### Your objective
From the material below, list every line containing "document".

━━ Exercise inputs ━━

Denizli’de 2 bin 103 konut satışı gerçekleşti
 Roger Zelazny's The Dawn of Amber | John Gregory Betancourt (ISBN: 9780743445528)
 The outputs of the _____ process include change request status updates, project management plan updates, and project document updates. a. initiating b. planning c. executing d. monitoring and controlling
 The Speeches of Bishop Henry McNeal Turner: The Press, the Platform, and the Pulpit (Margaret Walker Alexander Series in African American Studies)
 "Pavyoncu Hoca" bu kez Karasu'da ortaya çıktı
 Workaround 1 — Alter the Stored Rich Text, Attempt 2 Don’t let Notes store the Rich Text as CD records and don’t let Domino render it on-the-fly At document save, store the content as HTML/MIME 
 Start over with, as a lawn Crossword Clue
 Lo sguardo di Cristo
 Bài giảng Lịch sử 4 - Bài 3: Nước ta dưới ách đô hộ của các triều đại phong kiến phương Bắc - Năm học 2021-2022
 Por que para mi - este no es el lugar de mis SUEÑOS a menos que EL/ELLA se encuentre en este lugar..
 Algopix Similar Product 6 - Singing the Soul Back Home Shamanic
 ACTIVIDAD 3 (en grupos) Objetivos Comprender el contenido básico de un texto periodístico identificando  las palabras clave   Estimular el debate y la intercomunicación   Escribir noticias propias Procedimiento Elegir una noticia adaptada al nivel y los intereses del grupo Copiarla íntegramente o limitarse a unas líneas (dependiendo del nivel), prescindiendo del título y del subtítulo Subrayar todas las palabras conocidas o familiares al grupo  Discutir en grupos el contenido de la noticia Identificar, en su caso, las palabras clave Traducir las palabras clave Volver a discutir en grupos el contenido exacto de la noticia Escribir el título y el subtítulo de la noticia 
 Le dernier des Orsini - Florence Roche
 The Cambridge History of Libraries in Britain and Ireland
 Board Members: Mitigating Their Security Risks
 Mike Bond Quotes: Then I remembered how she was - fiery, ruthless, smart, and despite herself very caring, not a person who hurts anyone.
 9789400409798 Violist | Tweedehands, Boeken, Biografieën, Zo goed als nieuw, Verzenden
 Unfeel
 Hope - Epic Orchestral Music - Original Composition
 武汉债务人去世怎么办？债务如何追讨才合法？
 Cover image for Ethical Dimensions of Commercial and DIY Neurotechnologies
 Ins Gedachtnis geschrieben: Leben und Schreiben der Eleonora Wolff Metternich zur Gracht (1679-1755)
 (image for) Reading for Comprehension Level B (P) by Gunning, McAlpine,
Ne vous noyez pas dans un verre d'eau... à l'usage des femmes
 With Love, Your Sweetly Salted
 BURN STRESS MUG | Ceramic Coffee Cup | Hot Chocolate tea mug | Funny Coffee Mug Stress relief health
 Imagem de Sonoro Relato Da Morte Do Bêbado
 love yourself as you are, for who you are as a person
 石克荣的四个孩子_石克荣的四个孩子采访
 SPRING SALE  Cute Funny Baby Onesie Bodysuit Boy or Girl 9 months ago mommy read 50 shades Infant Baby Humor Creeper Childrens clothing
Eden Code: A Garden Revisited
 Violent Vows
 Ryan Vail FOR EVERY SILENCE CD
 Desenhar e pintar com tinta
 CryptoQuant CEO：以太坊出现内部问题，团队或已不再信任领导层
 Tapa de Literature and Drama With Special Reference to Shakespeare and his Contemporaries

━━━

### Output for this task
 The outputs of the _____ process include change request status updates, project management plan updates, and project document updates. a. initiating b. planning c. executing d. monitoring and controlling
 Workaround 1 — Alter the Stored Rich Text, Attempt 2 Don’t let Notes store the Rich Text as CD records and don’t let Domino render it on-the-fly At document save, store the content as HTML/MIME 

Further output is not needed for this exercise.